GIVEN MATERIAL.
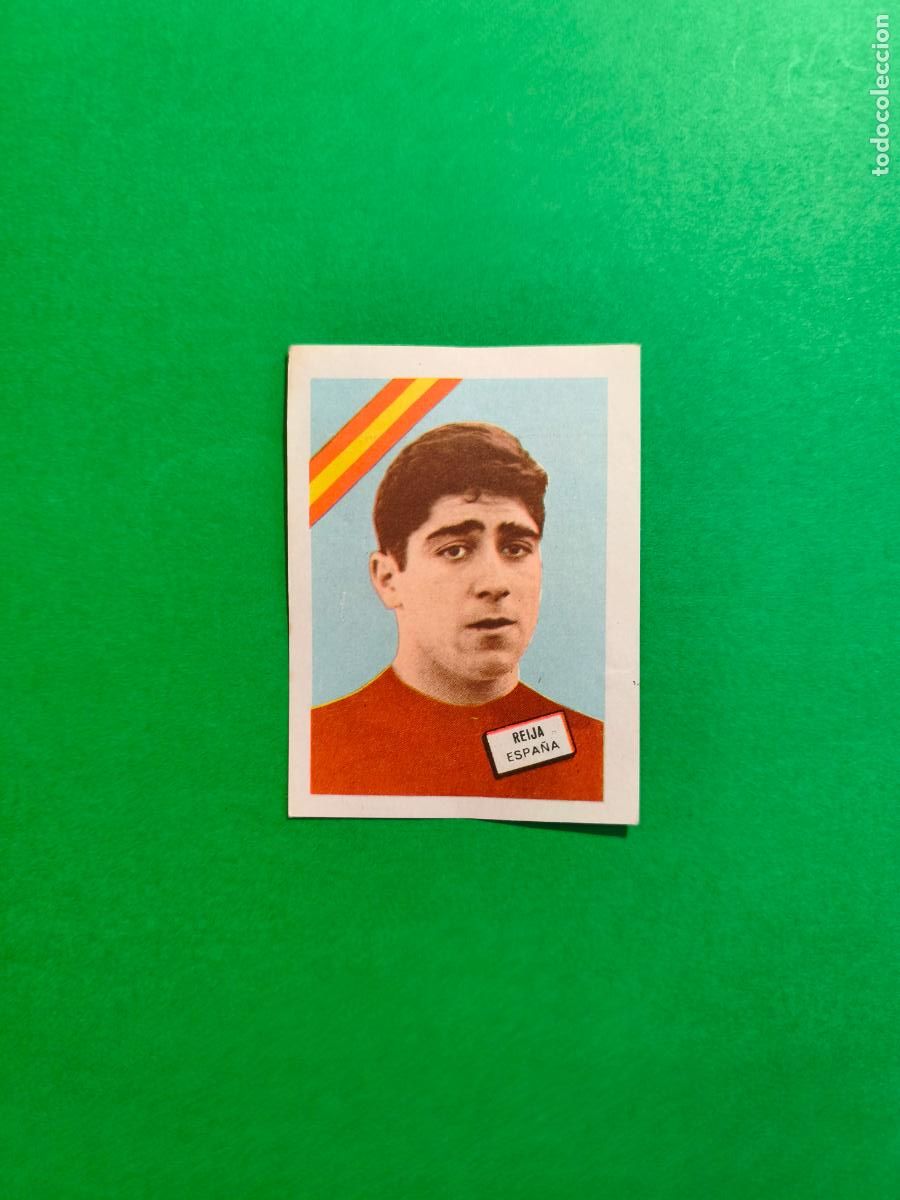 Football Stickers: CROMO SIN PEGAR MUNDIAL DE FUTBOL CHILE 1962 REIJA SELECCION ESPA&Ntilde;A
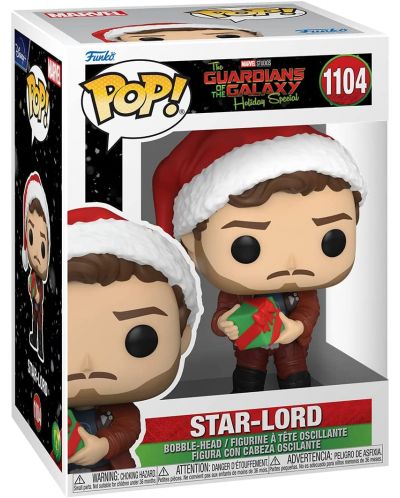 Фигура Funko POP! Marvel: Guardians of the Galaxy - Star Lord (Holiday Special) #1104 - 2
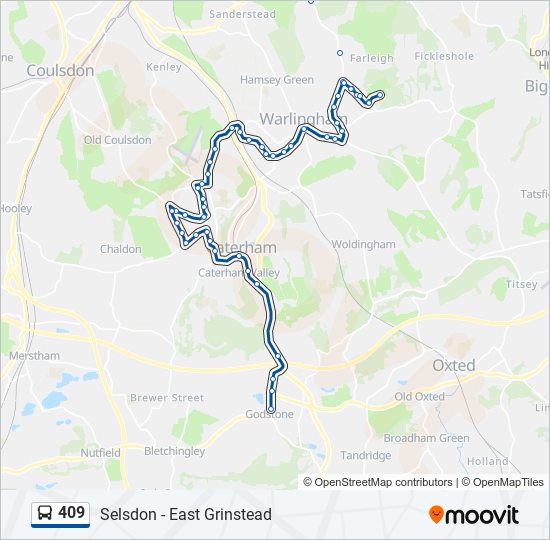 409 bus Line Map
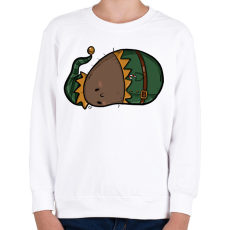 PRINTFASHION Manó krumpli - Gyerek pulóver - Fehér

WORK TO COMPLETE.
Omit the pictures and print the listing exactly.

EXPECTED OUTPUT.
 Football Stickers: CROMO SIN PEGAR MUNDIAL DE FUTBOL CHILE 1962 REIJA SELECCION ESPA&Ntilde;A
 Фигура Funko POP! Marvel: Guardians of the Galaxy - Star Lord (Holiday Special) #1104 - 2
 409 bus Line Map
 PRINTFASHION Manó krumpli - Gyerek pulóver - Fehér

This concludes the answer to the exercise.